PREPARADOR DEL CAMINO
Los relatos evangélicos, en su afán catequístico, utiliza la historia conforme su
necesidad.
Es indudable que si fuese desde nuestra visión contemporánea que escribiésemos
los evangelios habrían de ser muy distinta la lectura de la historia.
Pretender hacer tal cosa es un imposible ya que no podemos quitar de su contexto
a los momentos que hacen a la historia.
Para el pueblo judío era un tiempo de notoria efervescencia política.
Por más que los romanos eran, con los pueblos incorporados a su imperio, muy
respetuosos de sus tradiciones y prácticas religiosas, no dejaban de saberse
sometidos a un conquistador extranjero.
Esta realidad se veía agravada por el hecho de que las convicciones religiosas
impregnaban toda la vida de aquel pueblo.
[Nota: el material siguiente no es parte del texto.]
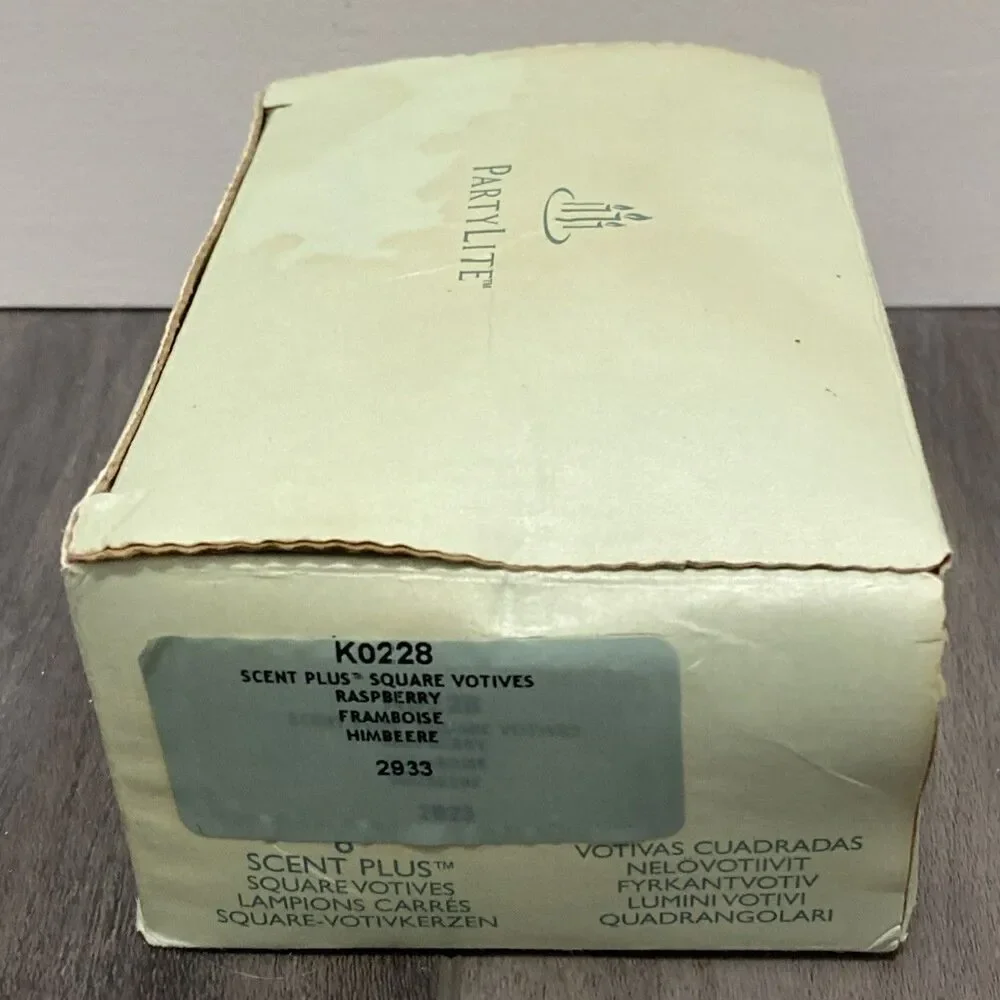 PartyLite Raspberry Scent Plus Square Votive Candle K0228 Retired Pack of 6 NEW - Picture 5 of 5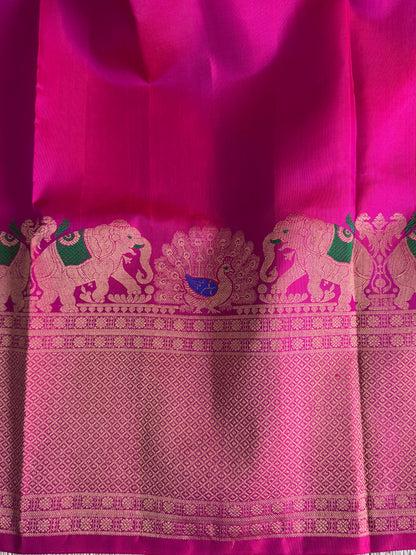 Pink Gadwal Silk Saree with Gold Zari Border — Pure Handloom | Silk Mark Certified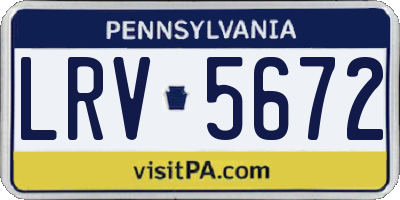 PA license plate LRV5672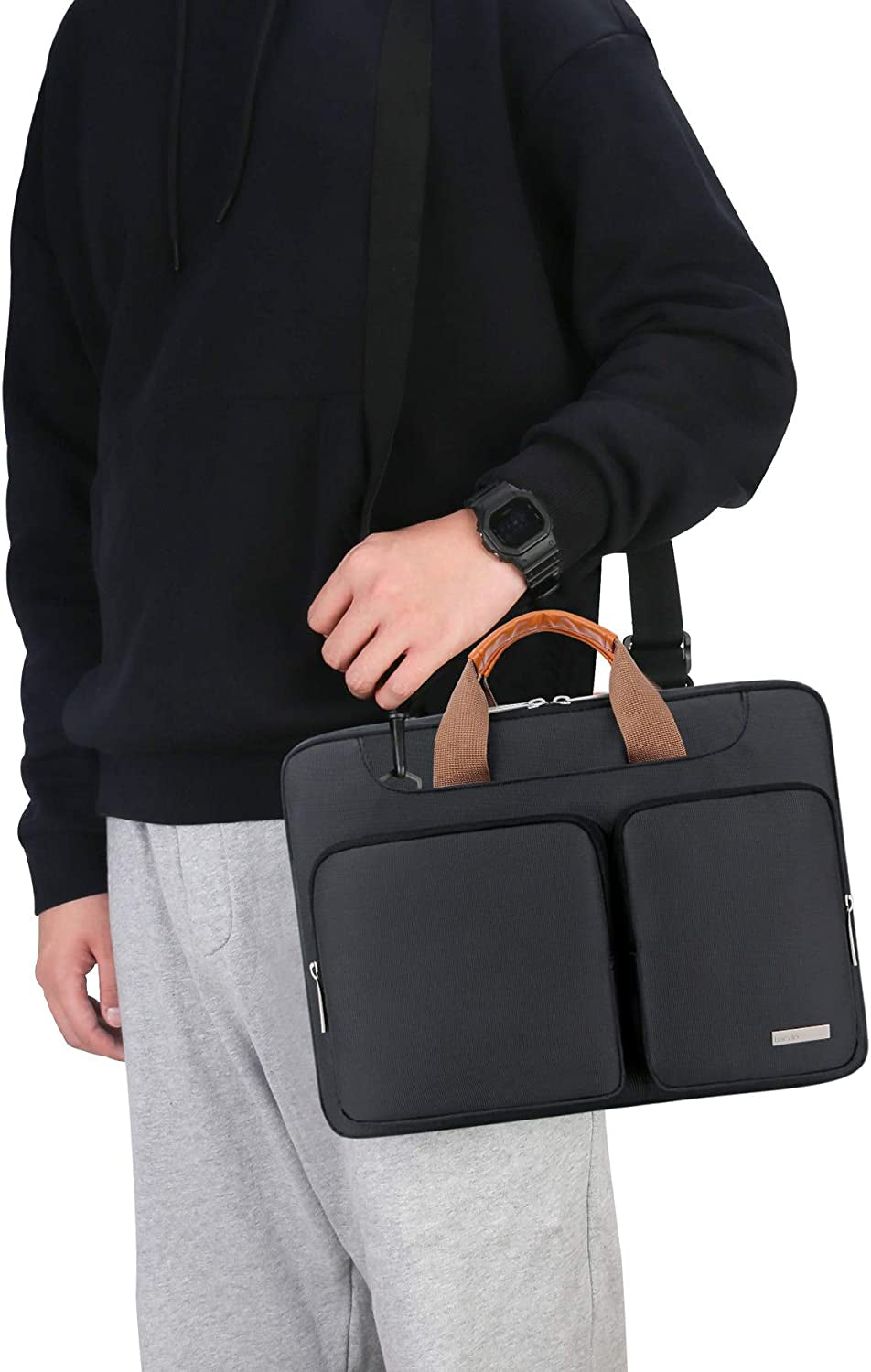 Lacdo 360° Protective Laptop Shoulder Bag, 15-15.6 Inch Laptop Sleeve Case for Acer HP Lenovo Dell ASUS Laptop, Acer Aspire, HP Pavilion, Dell Inspiron, Lenovo Ideapad,Asus Zenbook Computer Bag, Black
Compartir momentos de vida y momentos de territorio era casi un imposible puesto
que unos eran pertenecientes “al pueblo de Dios” y los otros eran paganos e
idólatras.
Para nosotros este tipo de visión nos resulta inentendible, este tipo de concepción
social nos resulta impensable. Para ellos era determinante.
Hoy se puede decir que toda la historia del pueblo judío es un tiempo de
efervescencia, pero, volvamos a los relatos evangélicos.
Diversos hombres eran seguidos, por convencidos adherentes, que esperaban
encontrar, en esas personas, la tan deseada liberación.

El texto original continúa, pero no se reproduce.